We should have known to ask someone else when they sent us down highway 69. After driving through the quaint town of Gardner (3 bars, 2 churches, 1 school, no gas), and being informed by the gas station attendant that there was no gas there, but if we were heading over the pass (**sizes up car**" it's a dirt road, you could make it in that") we should find some gas, or at least the dunes, in about 40 miles. I figured we had about 75 left on the tank, so I wasn't too concerned. And that's when our pre-adventure began.
First we took a wrong turn down the wrong, very very rough dirt road that dead-ended at a hiking trail we had taken the year before at the dunes. Choices: hike down to the dunes or turn around and try again. We took the second option because it would have been difficult to carry both the tent and the beer down that trail. So back down the dirt road we went. Another 15 miles down the road was another dirt road, complete with lots of signs about staying off of property and the dangers of bison hunting on private land. We turned on that one. A rougher dirt road. With less gas. In a Mazda Miata. But, thankfully, a tough Mazda Miata. So we roughed it up that road until we saw a sign. The sign had pictures of vehicles that were allowed on the road - an ATV, a dune buggy, something else with large tires and four wheel drive. None of the pictures were of zippy sports cars. So, after a close-to-full-on mental breakdown, we headed back down the dirt road. With less gas. In a Miata. At this point we had not seen a gas station in about 60 miles, we were in the absolute middle of nowhere, and without a clue. Thankfully that's when we met Eldon. Eldon had a big old jalopy truck, a Busch, and a tank of chainsaw gas (she'll smoke a lot, but it won't hurtchyer engine!). Thanks Eldon! We were able to make it another 20-30 miles down the road to the only gas station with gas on that side of the mountains.

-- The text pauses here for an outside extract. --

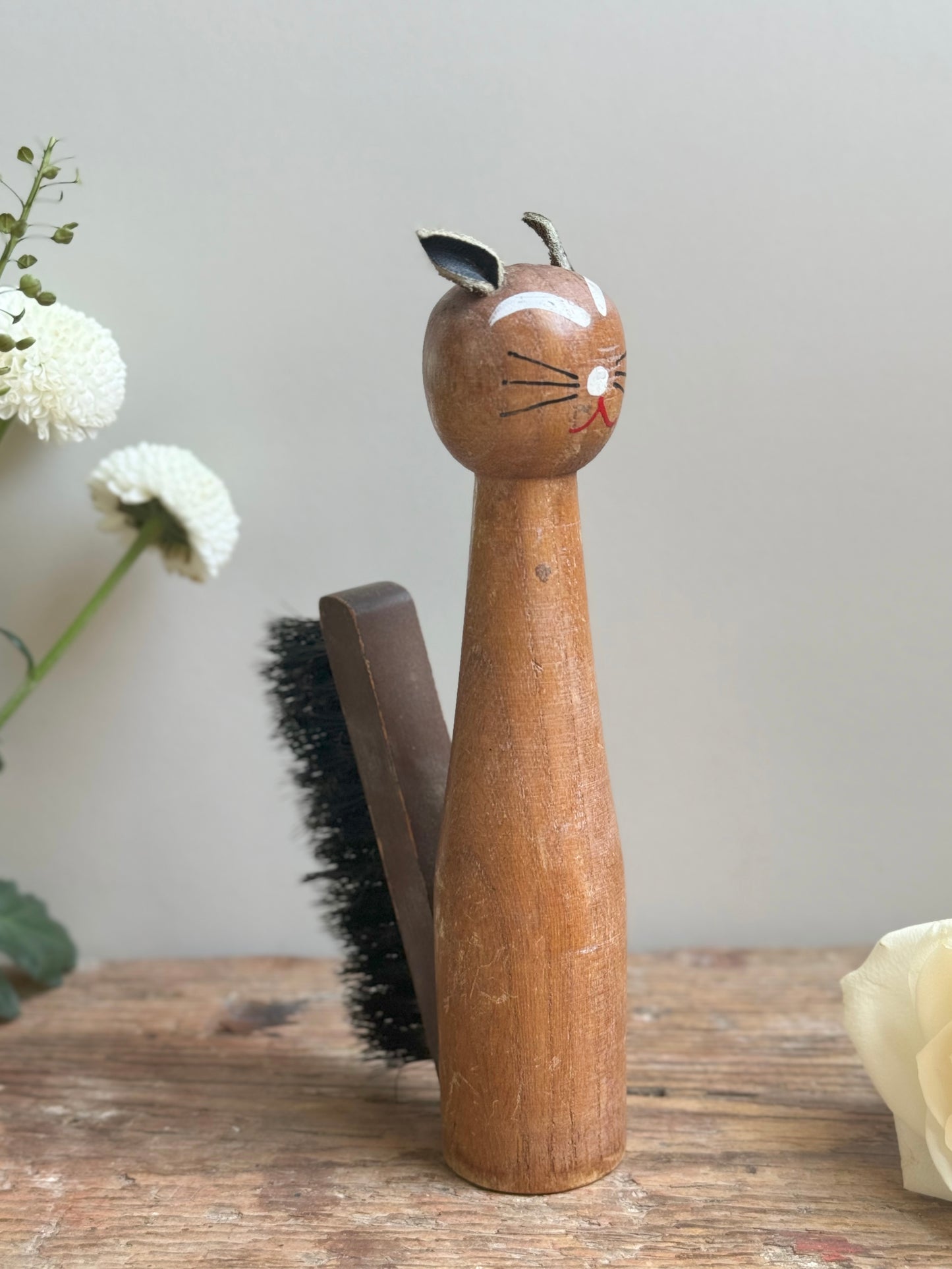 Vintage Handmade Wooden Cat Shaped Clothes Brush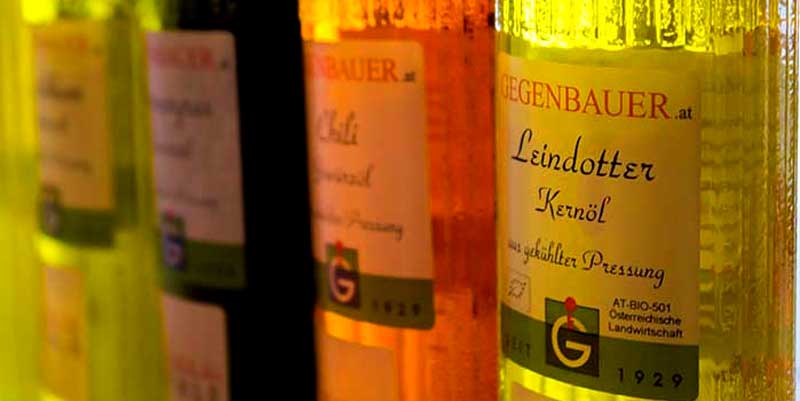 Olis de Gegenbauer - Moli d`oli de Viena El nom Gegenbauer significa la produccio de vinagre de tercera generacio. La filosofia d`avui, representada amb passio i fascinacio per Erwin M. Gegenbauer, esta en contra d`una uniformitat de gust i cap a la individualitat.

As we found out at that gas station, unfortunately the sand dunes were on the other side of those mountains. We had two options. We could backtrack 60 miles the way we came, or we could take the long way there. We opted to backtrack after sipping a beer and eating a sandwich and watching a gorgeous sunset over the mountains, and imagining how beautiful it would be if it was over the dunes. Then we climbed back in the car and backtracked 60 miles before finding the road that actually leads to the Sand Dunes.
Rusti gets behind the wheel to pull her in for the last long haul. It's dark, it's late, we've been driving for 10 hours now. He's cruising along at 65 mph, going over the pass on the other side of the dunes, when all of a sudden the windshield fills with green eyes and a giant head. An elk, felled by a semi in the middle of the road in front of us. Split decision: try to swerve or hit it dead on and hope to catch some air. Rusti went with option 2. And all of a sudden we are airborn over this dead elk. And then we smell it. Eau de Dead Elk all over the bottom of my poor, poor car. But, it seems to be driving alright and we don't seem to be dragging anything, so we pull her on in. Granted, I was in what I would call a terrible mood at that point, and not cheered up by the sight of a giant piece of plastic hanging off underneath my car and every surface covered in elk fur. But, Jenny and Rachel had made it safely, finding different directions since theirs were less than accurate for people not in four-wheelers, and we cracked some beers and made up.
The next day it was really really hot, we went to the dunes for about 2 hours, tried to sleep, it rained in the afternoon, I freaked out because I had wasted 2 of my last days in Colorado far away from my family and kitties, we went to bed early, woke up early, and left the dunes.